Goal of the exercise:
Output, exactly as written, the lines below from the one that has "DESPACHADOR PARA TOALLA" through the one that has "Etui Wozinsky Fashion"; nothing else, and no pictures.

Records provided:
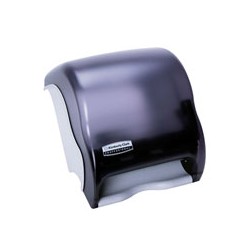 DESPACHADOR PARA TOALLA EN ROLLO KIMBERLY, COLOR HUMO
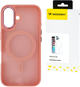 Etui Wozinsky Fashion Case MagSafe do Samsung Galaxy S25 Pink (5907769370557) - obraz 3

==

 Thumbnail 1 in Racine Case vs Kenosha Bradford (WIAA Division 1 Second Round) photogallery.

* * *

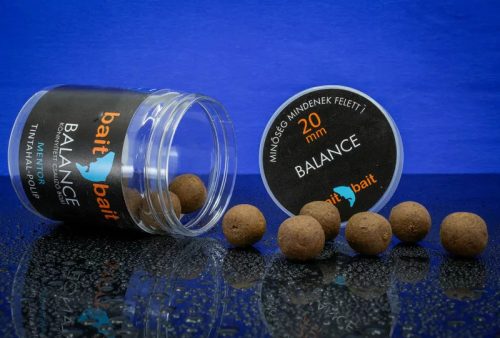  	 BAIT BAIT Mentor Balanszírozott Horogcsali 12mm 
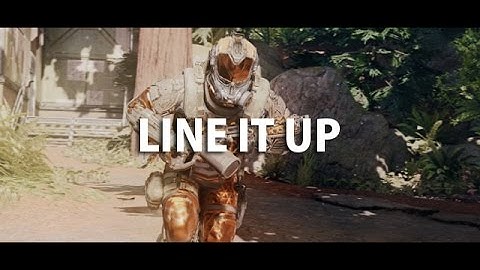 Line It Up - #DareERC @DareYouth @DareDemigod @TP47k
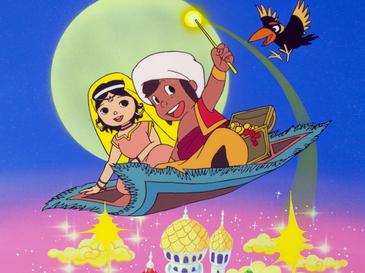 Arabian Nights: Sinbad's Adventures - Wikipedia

Exercise result:
 DESPACHADOR PARA TOALLA EN ROLLO KIMBERLY, COLOR HUMO
 Etui Wozinsky Fashion Case MagSafe do Samsung Galaxy S25 Pink (5907769370557) - obraz 3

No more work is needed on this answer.